■ TASK REQUIREMENTS:
Taking the line that contains "The Gym Inc" as the starting point, give again exactly every line up to and including the last line of the records below.

• • •

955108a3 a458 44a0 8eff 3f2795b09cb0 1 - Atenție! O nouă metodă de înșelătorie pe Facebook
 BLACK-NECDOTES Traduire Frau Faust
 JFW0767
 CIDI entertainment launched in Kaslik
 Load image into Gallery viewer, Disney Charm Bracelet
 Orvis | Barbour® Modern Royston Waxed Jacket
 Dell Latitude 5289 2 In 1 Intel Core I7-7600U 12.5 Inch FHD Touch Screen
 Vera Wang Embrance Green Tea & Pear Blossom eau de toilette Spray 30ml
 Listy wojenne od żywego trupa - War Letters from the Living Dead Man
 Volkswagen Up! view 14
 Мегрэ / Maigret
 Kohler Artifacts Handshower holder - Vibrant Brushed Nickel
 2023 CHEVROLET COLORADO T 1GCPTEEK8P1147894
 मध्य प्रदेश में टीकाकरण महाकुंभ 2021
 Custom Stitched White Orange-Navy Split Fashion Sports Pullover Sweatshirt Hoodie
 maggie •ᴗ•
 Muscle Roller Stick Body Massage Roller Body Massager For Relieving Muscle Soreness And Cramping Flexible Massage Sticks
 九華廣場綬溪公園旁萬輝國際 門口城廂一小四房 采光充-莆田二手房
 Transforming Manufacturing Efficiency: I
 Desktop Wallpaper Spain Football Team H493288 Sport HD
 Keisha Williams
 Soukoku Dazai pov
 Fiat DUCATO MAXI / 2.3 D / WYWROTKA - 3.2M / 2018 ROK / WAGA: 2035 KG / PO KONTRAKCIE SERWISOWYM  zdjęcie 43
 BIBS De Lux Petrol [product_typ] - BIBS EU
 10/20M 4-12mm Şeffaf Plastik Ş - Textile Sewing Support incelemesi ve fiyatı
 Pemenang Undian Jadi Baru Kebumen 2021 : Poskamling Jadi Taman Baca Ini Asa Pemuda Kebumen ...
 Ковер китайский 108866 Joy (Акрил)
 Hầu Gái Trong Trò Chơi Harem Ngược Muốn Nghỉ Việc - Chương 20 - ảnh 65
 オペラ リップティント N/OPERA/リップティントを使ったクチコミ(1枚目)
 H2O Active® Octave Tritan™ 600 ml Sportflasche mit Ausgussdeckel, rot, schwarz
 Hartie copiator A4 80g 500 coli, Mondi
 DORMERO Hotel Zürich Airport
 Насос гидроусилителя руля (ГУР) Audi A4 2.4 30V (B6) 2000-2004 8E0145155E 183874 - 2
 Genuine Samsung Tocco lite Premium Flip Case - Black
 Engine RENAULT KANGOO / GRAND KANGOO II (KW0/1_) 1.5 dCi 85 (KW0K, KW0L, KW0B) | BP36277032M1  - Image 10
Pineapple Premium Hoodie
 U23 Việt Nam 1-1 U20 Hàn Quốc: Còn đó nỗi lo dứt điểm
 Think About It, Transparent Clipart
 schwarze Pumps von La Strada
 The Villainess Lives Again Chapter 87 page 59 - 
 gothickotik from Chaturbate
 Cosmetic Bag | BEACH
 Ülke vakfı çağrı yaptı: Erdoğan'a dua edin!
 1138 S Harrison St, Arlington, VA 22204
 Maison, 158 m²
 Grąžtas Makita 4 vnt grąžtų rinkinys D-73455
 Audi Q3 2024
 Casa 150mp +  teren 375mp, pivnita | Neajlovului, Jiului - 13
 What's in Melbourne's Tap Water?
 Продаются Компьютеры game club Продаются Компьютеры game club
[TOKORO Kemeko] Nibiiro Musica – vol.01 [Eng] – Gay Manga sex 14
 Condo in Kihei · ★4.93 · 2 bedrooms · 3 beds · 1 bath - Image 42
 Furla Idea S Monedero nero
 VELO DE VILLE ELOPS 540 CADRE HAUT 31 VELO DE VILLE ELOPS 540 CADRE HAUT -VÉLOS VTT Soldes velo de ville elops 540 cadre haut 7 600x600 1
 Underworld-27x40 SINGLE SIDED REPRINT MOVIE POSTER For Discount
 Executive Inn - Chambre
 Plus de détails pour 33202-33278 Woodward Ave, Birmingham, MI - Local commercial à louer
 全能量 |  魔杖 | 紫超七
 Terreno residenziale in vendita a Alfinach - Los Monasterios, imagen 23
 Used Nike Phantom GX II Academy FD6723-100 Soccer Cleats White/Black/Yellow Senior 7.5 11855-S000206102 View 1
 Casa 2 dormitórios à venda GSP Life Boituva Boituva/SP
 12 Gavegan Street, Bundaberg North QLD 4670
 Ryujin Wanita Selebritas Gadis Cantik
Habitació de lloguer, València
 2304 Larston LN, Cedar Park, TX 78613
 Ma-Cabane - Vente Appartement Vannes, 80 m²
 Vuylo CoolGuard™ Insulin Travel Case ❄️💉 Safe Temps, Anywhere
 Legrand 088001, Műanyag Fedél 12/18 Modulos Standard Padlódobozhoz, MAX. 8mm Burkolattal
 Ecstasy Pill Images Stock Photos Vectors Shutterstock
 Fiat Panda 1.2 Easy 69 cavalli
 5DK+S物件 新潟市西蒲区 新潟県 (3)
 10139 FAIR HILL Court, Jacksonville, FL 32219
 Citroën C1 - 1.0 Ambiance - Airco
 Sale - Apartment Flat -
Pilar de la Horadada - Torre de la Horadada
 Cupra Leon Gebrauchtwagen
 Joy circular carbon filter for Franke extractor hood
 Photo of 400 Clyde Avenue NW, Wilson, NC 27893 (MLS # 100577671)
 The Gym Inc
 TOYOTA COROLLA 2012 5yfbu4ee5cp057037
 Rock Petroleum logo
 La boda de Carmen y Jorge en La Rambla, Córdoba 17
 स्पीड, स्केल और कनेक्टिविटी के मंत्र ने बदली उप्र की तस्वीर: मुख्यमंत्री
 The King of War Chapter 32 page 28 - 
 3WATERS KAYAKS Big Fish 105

• • •

■ RESULT FOR THIS TASK:
 The Gym Inc
 TOYOTA COROLLA 2012 5yfbu4ee5cp057037
 Rock Petroleum logo
 La boda de Carmen y Jorge en La Rambla, Córdoba 17
 स्पीड, स्केल और कनेक्टिविटी के मंत्र ने बदली उप्र की तस्वीर: मुख्यमंत्री
 The King of War Chapter 32 page 28 - 
 3WATERS KAYAKS Big Fish 105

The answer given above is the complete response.